Responding to Jordan’s drought and water scarcity through behavioural change, not just technology

The development of an action plan that will help reduce the risks and vulnerabilities of those most affected by drought is critical, and urgent.

By Louise Sarant, IWMI consultant, MENAdrought, and Rachael McDonnell, Strategic Program Director – Water, Climate Change & Resilience.

Green bushes separate salty dry soil and plant field near the Azraq Basin (Qa ‘Al-Azraq) in Jordan. Photo credit IWMI

Improved irrigation and agricultural practices are touted as efficient ways to mitigate drought impacts. Paradoxically, that may not be the case in Jordan, where the use of state-of-the-art irrigation technology by commercial farmers in the East has accelerated the depletion of aquifers.
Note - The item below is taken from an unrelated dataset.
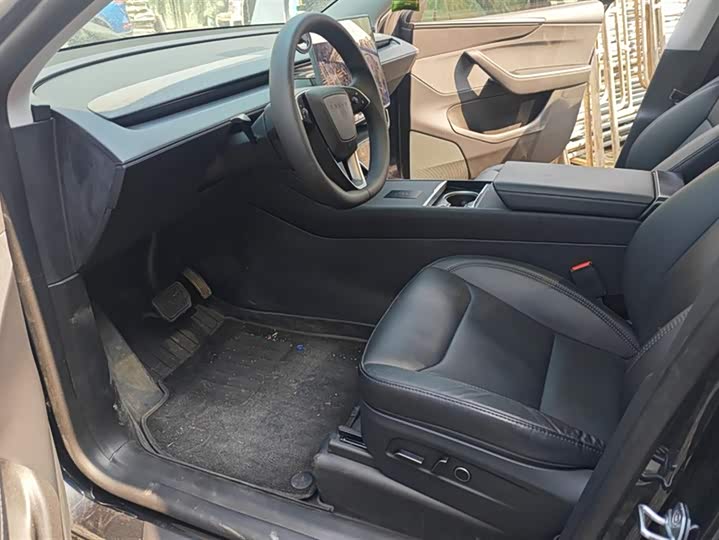 Photo 9 - Tesla Model Y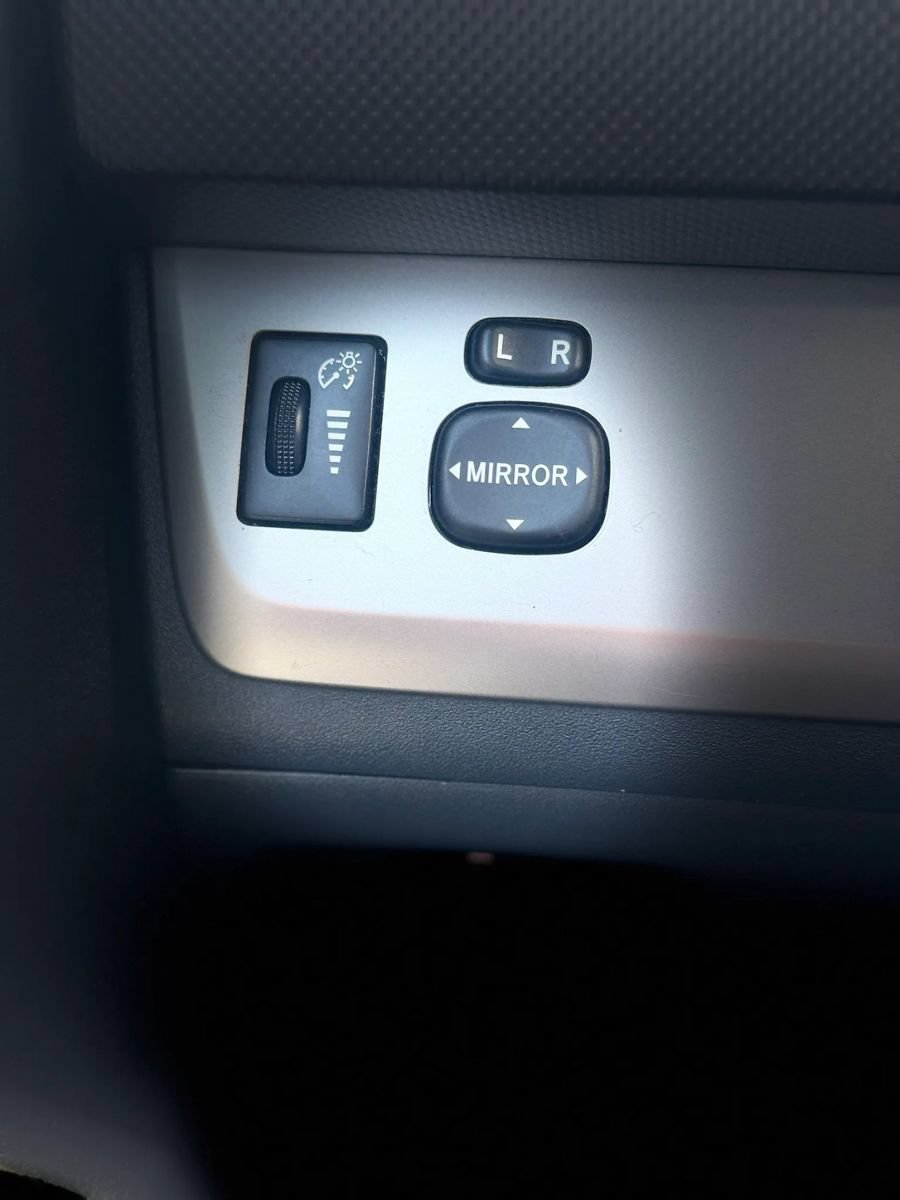 Used 2015 Scion xB FWD image 30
A recent IWMI study argues that technology has to go hand-in-hand with improved irrigation behaviours and regulations to result in reduced water abstraction and ramp-up the country’s hydric mitigation of frequent drought events.

As one of the world’s most water-deprived countries, Jordan is struggling to deliver enough freshwater to its population and farmers. Water access is particularly erratic during drought events, which have been increasing in frequency and severity. Groundwater levels drop by roughly a meter annually, the result of prolonged drought and of the proliferation of thousands of illegal wells that are pumping the country’s aquifers to extinction.